Investors withdrew another $8.42 billion from the global hedge fund industry in July, according to the July 2019 eVestment Hedge Fund Asset Flows Report. But strong performance in the industry continues to boost overall industry assets under management (AUM), which stood at $3.303 trillion last month, according to the new report.
Hedge funds have generally been in the green this year, with overall industry performance standing at +7.37% year-to-date, according to eVestment hedge fund performance data. But many investors still may be stinging from the overall industry performance of -5.08% in 2018, causing the industry to suffer from asset outflows based on decisions made by investors months ago following that dismal year. So far this year, only 37% of funds reporting to eVestment have seen net inflows.

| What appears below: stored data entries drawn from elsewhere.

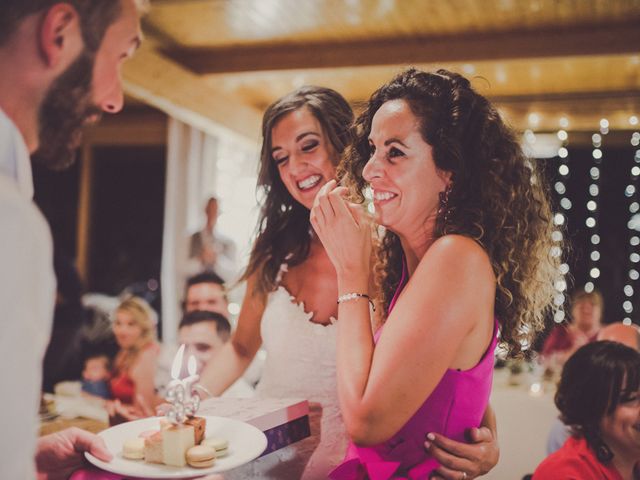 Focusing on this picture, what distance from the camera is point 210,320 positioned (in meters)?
3.15

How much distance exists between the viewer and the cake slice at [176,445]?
1077mm

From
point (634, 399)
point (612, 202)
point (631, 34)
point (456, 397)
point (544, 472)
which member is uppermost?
point (631, 34)

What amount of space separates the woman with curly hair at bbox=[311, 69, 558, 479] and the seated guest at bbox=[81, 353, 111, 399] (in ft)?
10.0

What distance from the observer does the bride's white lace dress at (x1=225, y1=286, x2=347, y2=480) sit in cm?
167

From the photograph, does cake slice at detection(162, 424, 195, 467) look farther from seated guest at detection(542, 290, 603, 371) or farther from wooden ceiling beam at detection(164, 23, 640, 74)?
seated guest at detection(542, 290, 603, 371)

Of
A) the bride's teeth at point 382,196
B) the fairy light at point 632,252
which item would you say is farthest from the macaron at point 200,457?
the fairy light at point 632,252

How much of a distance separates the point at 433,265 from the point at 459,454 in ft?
1.31

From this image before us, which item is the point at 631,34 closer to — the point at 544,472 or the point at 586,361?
the point at 586,361

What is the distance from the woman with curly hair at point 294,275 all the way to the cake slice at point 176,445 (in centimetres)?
67

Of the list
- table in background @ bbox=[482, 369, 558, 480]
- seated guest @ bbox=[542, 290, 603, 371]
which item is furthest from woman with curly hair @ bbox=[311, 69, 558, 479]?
seated guest @ bbox=[542, 290, 603, 371]

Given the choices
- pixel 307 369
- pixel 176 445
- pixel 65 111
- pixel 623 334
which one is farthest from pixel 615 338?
pixel 65 111

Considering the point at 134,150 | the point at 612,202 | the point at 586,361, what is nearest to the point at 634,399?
the point at 586,361

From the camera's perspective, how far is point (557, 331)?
16.2ft

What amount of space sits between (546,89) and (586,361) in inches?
165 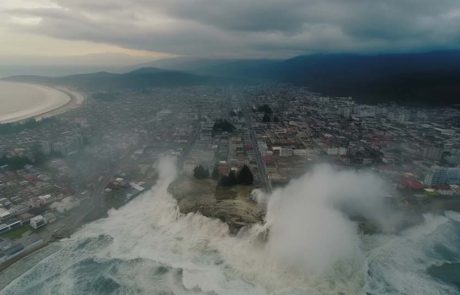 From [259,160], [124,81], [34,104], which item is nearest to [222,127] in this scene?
[259,160]

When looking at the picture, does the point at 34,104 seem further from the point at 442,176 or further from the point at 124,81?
the point at 442,176

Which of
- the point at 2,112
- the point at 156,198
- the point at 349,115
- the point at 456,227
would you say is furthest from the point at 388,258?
the point at 2,112

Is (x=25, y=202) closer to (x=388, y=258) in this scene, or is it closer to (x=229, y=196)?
(x=229, y=196)

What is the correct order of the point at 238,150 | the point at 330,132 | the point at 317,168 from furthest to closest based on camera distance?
1. the point at 330,132
2. the point at 238,150
3. the point at 317,168

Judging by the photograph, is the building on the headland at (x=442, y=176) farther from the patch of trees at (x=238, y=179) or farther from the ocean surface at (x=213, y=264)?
the patch of trees at (x=238, y=179)

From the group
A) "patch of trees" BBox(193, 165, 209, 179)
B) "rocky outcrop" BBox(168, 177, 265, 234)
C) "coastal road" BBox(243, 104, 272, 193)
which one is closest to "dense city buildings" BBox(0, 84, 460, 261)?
"coastal road" BBox(243, 104, 272, 193)

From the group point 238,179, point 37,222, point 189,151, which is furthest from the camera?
point 189,151

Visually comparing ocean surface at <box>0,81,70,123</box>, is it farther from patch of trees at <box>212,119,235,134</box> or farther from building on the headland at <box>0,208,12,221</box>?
building on the headland at <box>0,208,12,221</box> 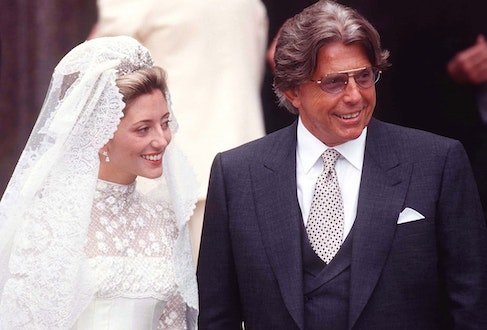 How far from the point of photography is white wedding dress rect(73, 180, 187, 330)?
4.03m

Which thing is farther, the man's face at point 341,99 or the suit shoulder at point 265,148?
the suit shoulder at point 265,148

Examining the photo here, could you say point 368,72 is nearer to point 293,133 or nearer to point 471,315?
point 293,133

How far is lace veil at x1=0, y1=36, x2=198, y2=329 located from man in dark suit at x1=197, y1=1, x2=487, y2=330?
30 cm

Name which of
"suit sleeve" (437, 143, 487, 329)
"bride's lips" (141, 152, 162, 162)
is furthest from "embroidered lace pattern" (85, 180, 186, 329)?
"suit sleeve" (437, 143, 487, 329)

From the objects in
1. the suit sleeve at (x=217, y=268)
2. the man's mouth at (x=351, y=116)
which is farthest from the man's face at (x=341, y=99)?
the suit sleeve at (x=217, y=268)

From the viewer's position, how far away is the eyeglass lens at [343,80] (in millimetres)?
3938

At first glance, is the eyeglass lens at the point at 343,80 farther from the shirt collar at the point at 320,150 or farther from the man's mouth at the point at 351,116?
the shirt collar at the point at 320,150

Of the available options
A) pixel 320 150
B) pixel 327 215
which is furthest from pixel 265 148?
pixel 327 215

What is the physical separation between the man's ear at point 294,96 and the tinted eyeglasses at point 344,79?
16cm

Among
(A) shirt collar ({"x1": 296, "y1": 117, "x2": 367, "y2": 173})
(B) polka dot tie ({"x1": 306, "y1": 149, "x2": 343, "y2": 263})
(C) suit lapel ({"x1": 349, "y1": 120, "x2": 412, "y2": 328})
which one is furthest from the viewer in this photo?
(A) shirt collar ({"x1": 296, "y1": 117, "x2": 367, "y2": 173})

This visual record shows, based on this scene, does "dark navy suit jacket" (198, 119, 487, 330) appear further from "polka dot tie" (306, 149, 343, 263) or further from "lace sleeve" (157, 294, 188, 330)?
"lace sleeve" (157, 294, 188, 330)

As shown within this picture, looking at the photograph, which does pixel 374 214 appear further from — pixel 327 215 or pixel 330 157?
pixel 330 157

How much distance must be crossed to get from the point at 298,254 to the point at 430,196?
473 millimetres

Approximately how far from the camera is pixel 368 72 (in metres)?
3.95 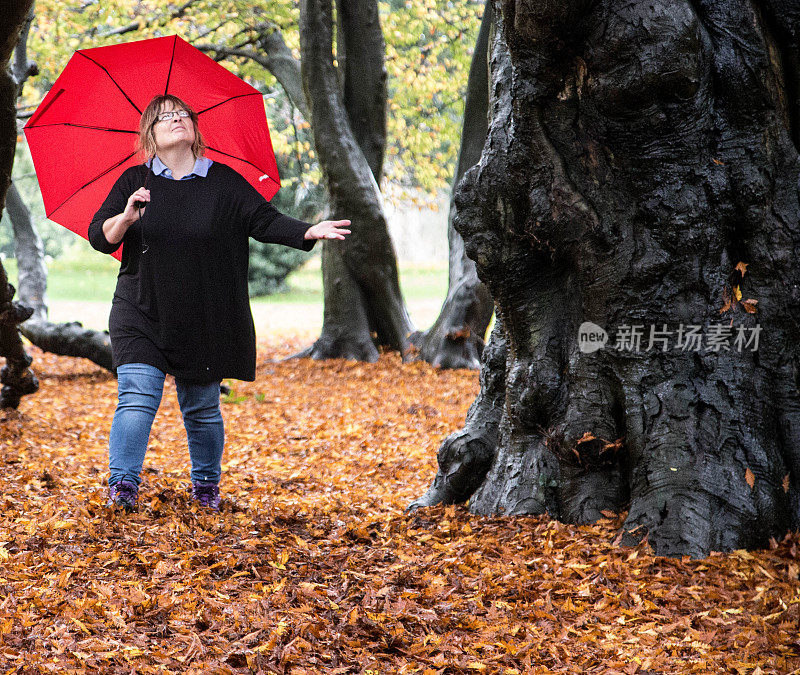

Event Driven funds were the only fund type to see significant inflows in July, with investors adding +$2.88 billion to these funds last month. YTD flows into these funds stand at +$10.27 billion.
Other interesting points from the July report include:
- Other primary strategies that saw investor inflows in July included Relative Value Credit funds with +$780 million inflows, MBS Strategies with +$240 million inflows and Distressed funds with +$160 million inflows.
- Long/Short Equity funds continued their losing streak in July, with investors redeeming -$4.55 billion. YTD these funds have seen -$25.53 billion in outflows. Long/Short Equity funds still represent the largest primary hedge fund strategy tracked by eVestment, with AUM of $765.57 billion.
- Managed Futures and Multi-Strategy funds also saw meaningful outflows in July, at -$1.73 billion and -$1.64 billion respectively.
- Hedge funds focused on and based in Europe are seeing harder times than most other regions, with funds focused on Europe seeing outflows of -$2.27 billion and funds domiciled in Europe seeing outflows of -$6.32 billion.